0

I'm trying to write my first Nagios plugin to check the statuses on WLAN Controllers APs. The goal was to make a kind of "universal" plugin but I'm getting an error:

.1.3.6.1.4.1.14179.2.2.1.1.3.0.: Unknown Object Identifier ()
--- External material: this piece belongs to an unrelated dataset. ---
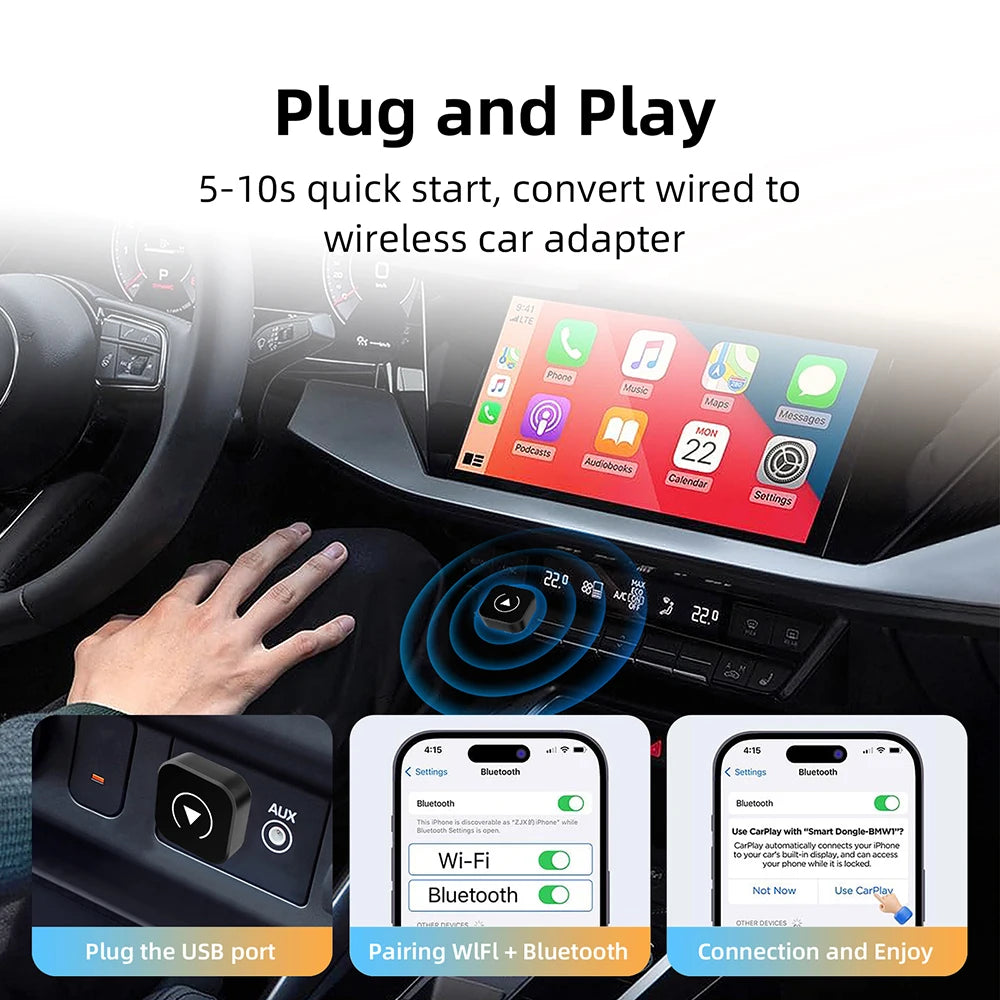 Adapter 2w1 bezprzewodowy carplay i android auto | inteligentny box ai do samochodów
/usr/lib/nagios/plugins/check_wlc_ap_state.sh: line 50: [: Such Instance currently exists at this OID: integer expression expected
/usr/lib/nagios/plugins/check_wlc_ap_state.sh: line 53: [: Such Instance currently exists at this OID: integer expression expected
/usr/lib/nagios/plugins/check_wlc_ap_state.sh: line 56: [: Such Instance currently exists at this OID: integer expression expected
UNKOWN-  = Such Instance currently exists at this OID

Here's my code:

#!/bin/bash

while getopts "H:C:O:N:I:w:c:h" option; do
        case "$option" in
                H )     host_address=$OPTARG;;
                C )     host_community=$OPTARG;;
                O )     ap_op_status_oid=$OPTARG;;
                N )     ap_hostname_oid=$OPTARG;;
                w )     warn_thresh=$OPTARG;;
                c )     crit_thresh=$OPTARG;;
                h )     show_help="yes";;

        esac
done

# Help Menu
help_menu="Plugin to check AP operational status.
Example:
Check AP Status on Cisco CS5508
./check_wlc_ap_state.sh -H [Controller IP] -C [Controller Community] -O .1.3.6.1.4.1.14179.2.2.1.1.6.0 -N .1.3.6.1.4.1.14179.2.2.1.1.3.0 -w 2 -c 3

Required Arguments:
-H      WLAN Controller Address
-C      WLAN Controller RO Community String
-O      OID to AP Operation Status
-N      OID to AP Hostname
-c      Critical Threshold
-w      Warning Threshold

Optional Arguments:
-h      Display help 
"

if [ "$show_help" = "yes" -o $# -lt 1 ]; then
  echo "$help_menu"
  exit 0
fi

# Change the .1. to iso. and get the length + 1 to get rid of the trailing .
ap_op_status_oid=${ap_op_status_oid:2}
ap_op_status_oid="iso$ap_op_status_oid"
ap_op_status_oid_length=${#ap_op_status_oid}
ap_op_status_oid_length="$ap_op_status_oid_length+1"

#Get info
while read -r oid_index equal integer ap_stat;
do
        ap_index="${oid_index:$ap_op_status_oid_length}"
        ap_hostname=$(snmpget -c $host_community $host_address -v 1 $ap_hostname_oid.$ap_index | awk -F '"' '{print$2}')
        if [ "$ap_stat" -lt "$warn_thresh" ]; then
                echo -n "OK- $ap_hostname = $ap_stat | "
                exit 0;
        elif [ "$ap_stat" -eq "$warn_thresh" ]; then
                echo -n "WARNING- $ap_hostname = $ap_stat | "
                exit 1;
        elif [ "$ap_stat" -ge "$crit_thresh" ]; then
                echo -n "CRITICAL- $ap_hostname = $ap_stat | "
                exit 2;
        else
                echo -n "UNKOWN- $ap_hostname = $ap_stat | "
                exit 3;
        fi

done < <(snmpwalk -c $host_community -v 2c $host_address $ap_op_status_oid)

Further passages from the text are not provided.